#### SOURCE INFORMATION
━━━━

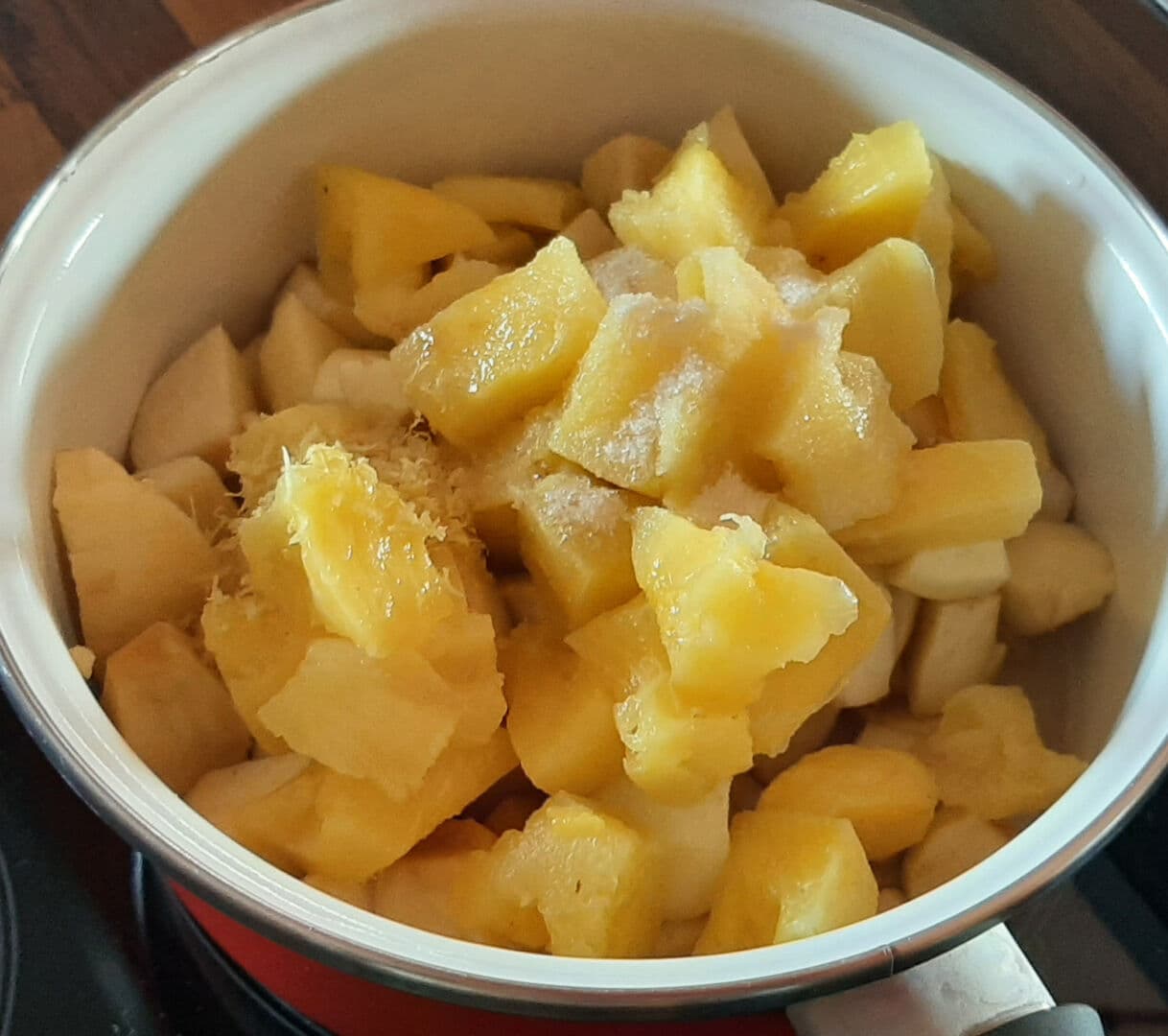 Compote de pomme ananas et vanille pour bébé - Programme Malin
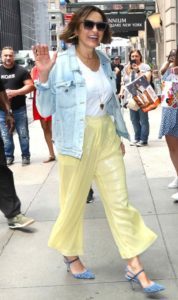 Mariska Hargitay weasring The Big Easy Pant in yellow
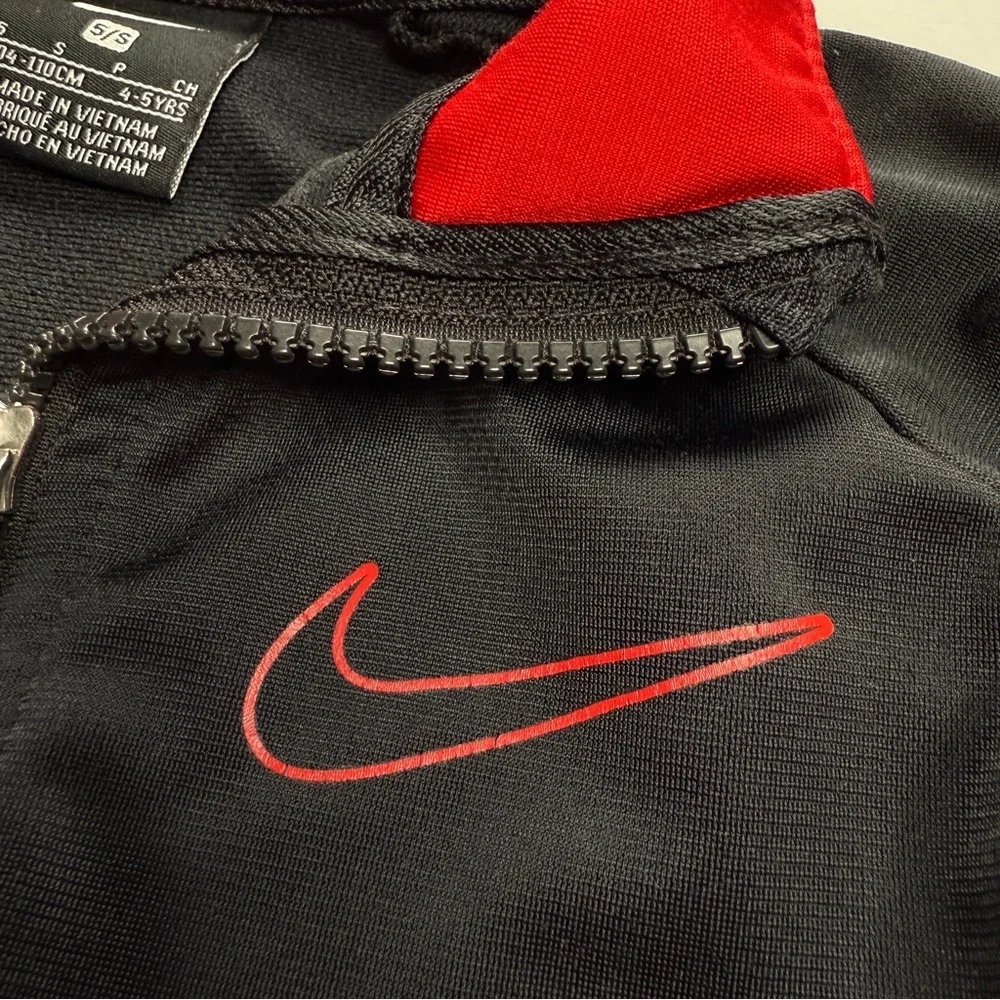NIKE Full Zip Track Jacket Colorblock Black Red Kids Size 5/S (4-5‎ Years Old)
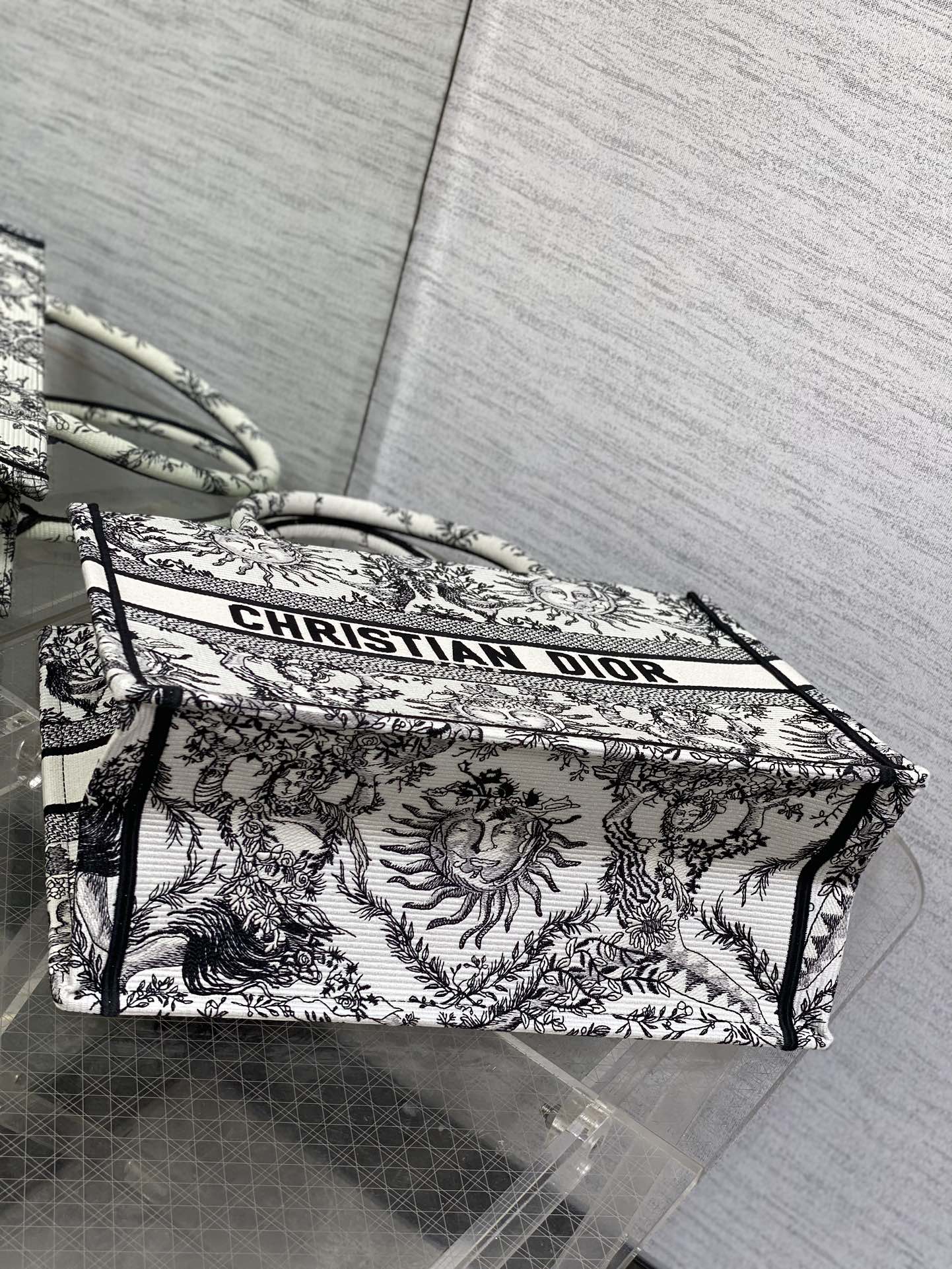 迪D家-2024春夏系列 Book Tote 太陽刺繡 黑白色 中號
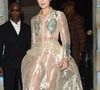 Rosamund Pike s'exprime sur un casting qu'elle aimerait volontiers chasser de sa mémoire : celui de Meurs un autre jour. Volet de la célèbre franchise de l'agent secret au service de sa majesté, où celui-ci (incarné par Pierce Brosnan) côtoie une flamboyante James Bond girl en la personne de Halle Berry... Et son bikini culte.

━━━━

#### AIM OF THE TASK
A precise copy of each record, with the images removed, should be output.

#### TASK RESULT
 Compote de pomme ananas et vanille pour bébé - Programme Malin
 Mariska Hargitay weasring The Big Easy Pant in yellow
NIKE Full Zip Track Jacket Colorblock Black Red Kids Size 5/S (4-5‎ Years Old)
 迪D家-2024春夏系列 Book Tote 太陽刺繡 黑白色 中號
 Rosamund Pike s'exprime sur un casting qu'elle aimerait volontiers chasser de sa mémoire : celui de Meurs un autre jour. Volet de la célèbre franchise de l'agent secret au service de sa majesté, où celui-ci (incarné par Pierce Brosnan) côtoie une flamboyante James Bond girl en la personne de Halle Berry... Et son bikini culte.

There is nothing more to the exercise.